Un elettorato indispensabile
Se c’è un motivo per cui Andrej Plenković non soltanto disattende le raccomandazioni europee in questo ambito ma va apertamente contro il parere di Bruxelles, quel motivo è politico. In Croazia, i branitelji rappresentano una fetta di elettorato fondamentale e, grazie a dei leader noti a livello nazionale, sono in grado di pesare molto sulla bilancia politica. I dati rendono un’idea dell’ampiezza del fenomeno. Nella primavera del 2016, il registro dei veterani di guerra presso il ministero degli Ex Combattenti contava più di 505mila persone, in crescita rispetto agli anni precedenti. In percentuale, si tratta di oltre il 12% della popolazione croata. È chiaro che si tratta di un segmento sociale ampio e dunque non riconducibile ad un solo pensiero o orientamento politico, ma i gruppi più rumorosi sono tradizionalmente schierati a destra ed in grado di influenzare pesantemente l’Unione democratica croata (Hdz), il partito del premier Plenković, all’interno del quale contano non pochi sostenitori tra i più intransigenti.

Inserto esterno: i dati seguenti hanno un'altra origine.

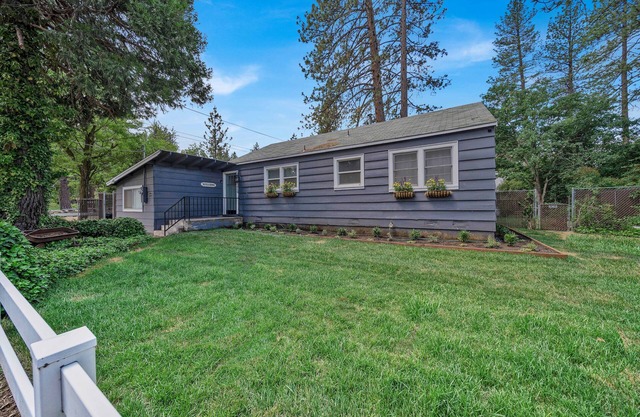 Burney Falls Bungalow - Comfy Atmosphere - Great Location!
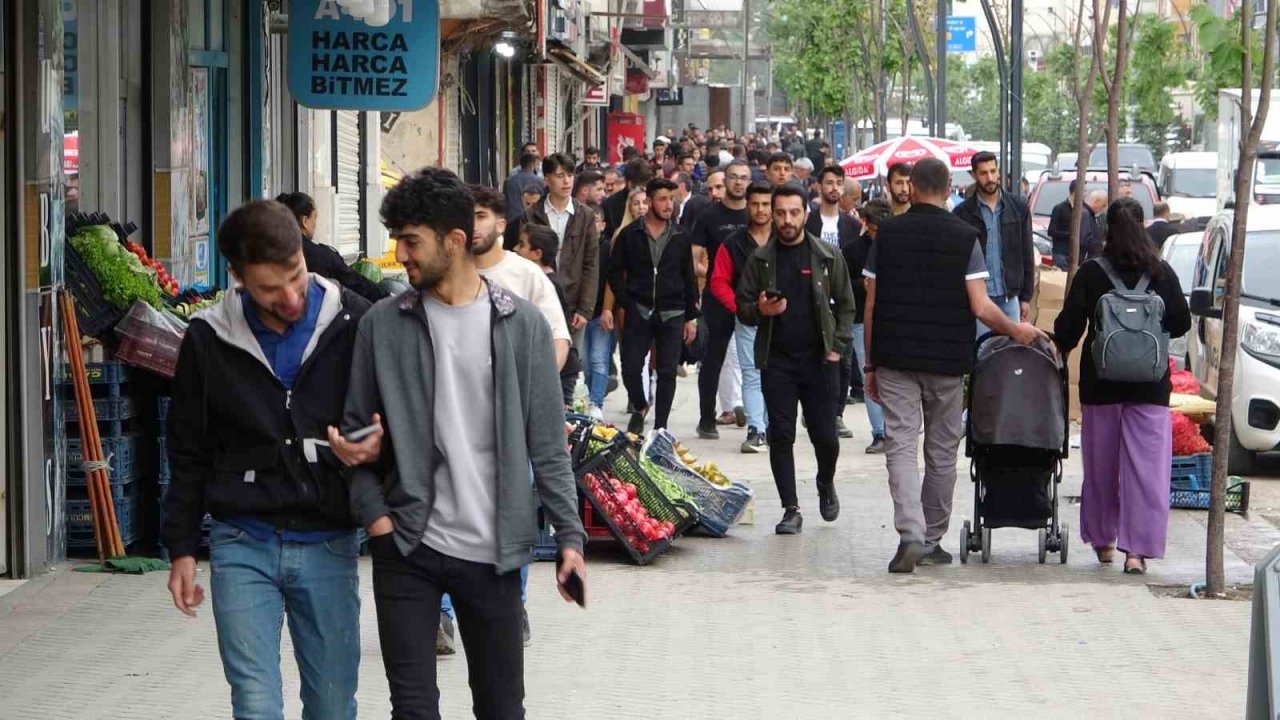 Yüksekovalılar seçim sonuçlarına odaklandı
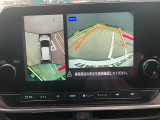 空から見下ろしているような視点で周囲を確認できるアラウンドビューモニター。駐車時にとても便利です。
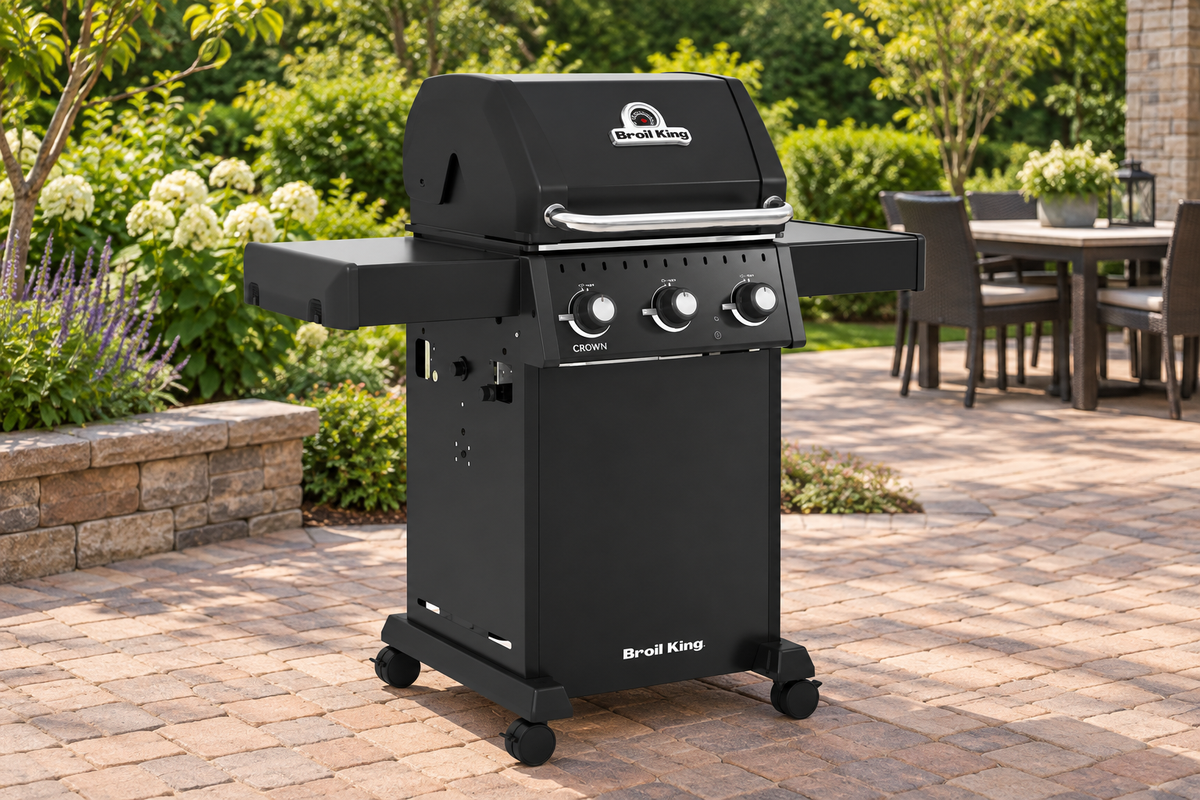 Broil King Crown 310 Shadow — user-approved lifestyle image 9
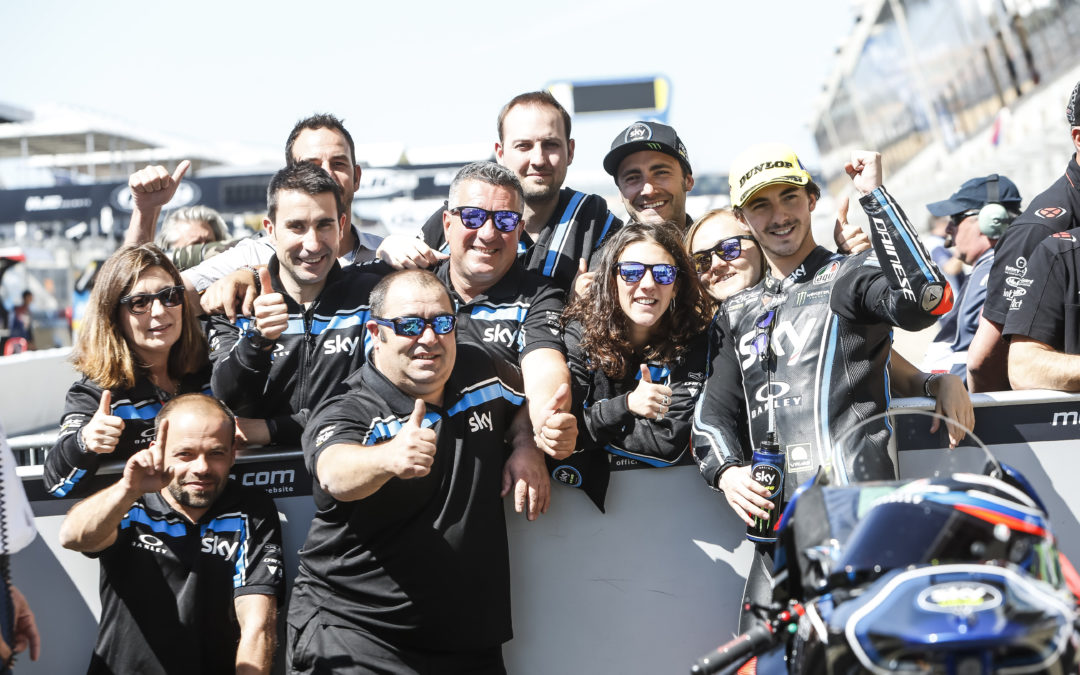 Bagnaia gana en Moto2 en Le Mans, con Xavi Vierge de héroe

A dimostrazione dell’importanza dei veterani di guerra, si pensi al gesto della presidente Kolinda Grabar-Kitarović, che nel giorno stesso della sua elezione a capo di Stato nel gennaio del 2015, decise di andare ad incontrare proprio i branitelji. A loro, che accampavano da mesi nel centro di Zagabria per protestare contro l’allora governo socialdemocratico di Zoran Milanović, la neoeletta presidente assicurò il proprio sostegno incondizionato. Ad un appuntamento elettorale successivo, quando nel settembre 2016 l’attuale premier Plenković sfidò l’ex capo dell’Sdp Milanović, fu quest’ultimo a recarsi proprio dai veterani, nel tentativo (vano) di convincerli a non votare per i conservatori. Le frasi del leader socialdemocratico, registrate e diffuse con o senza il suo consenso, gli valsero non soltanto la sconfitta alle urne ma pure la carica da segretario dell’Sdp. Per convincere gli ex combattenti a votare per lui, Milanović si era lasciato andare a dichiarazioni contro i serbi, che a detta del socialdemocratico "vorrebbero essere i padroni dei Balcani, ma sono solo una manciata di miserabili".

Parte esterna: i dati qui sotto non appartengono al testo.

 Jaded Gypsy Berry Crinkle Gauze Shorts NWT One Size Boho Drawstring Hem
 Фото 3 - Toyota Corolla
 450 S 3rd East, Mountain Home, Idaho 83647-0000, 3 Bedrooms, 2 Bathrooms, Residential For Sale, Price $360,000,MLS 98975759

Più di recente ancora, gli ex combattenti delle Forze croate di difesa (Hos) hanno protestato contro la decisione di una commissione governativa di dichiarare incostituzionale il saluto ustascia «Za dom spremni!» (Per la patria, pronti!), che loro regolarmente usano in pubblico durante le loro commemorazioni. La commissione, nominata proprio dall’esecutivo Plenković per risolvere le questioni legate ai regimi del passato, aveva pertanto autorizzato delle eccezioni al divieto all’uso del saluto, proprio per permettere all’Hos di continuare con le proprie commemorazioni. Ma i veterani hanno comunque deciso di protestare.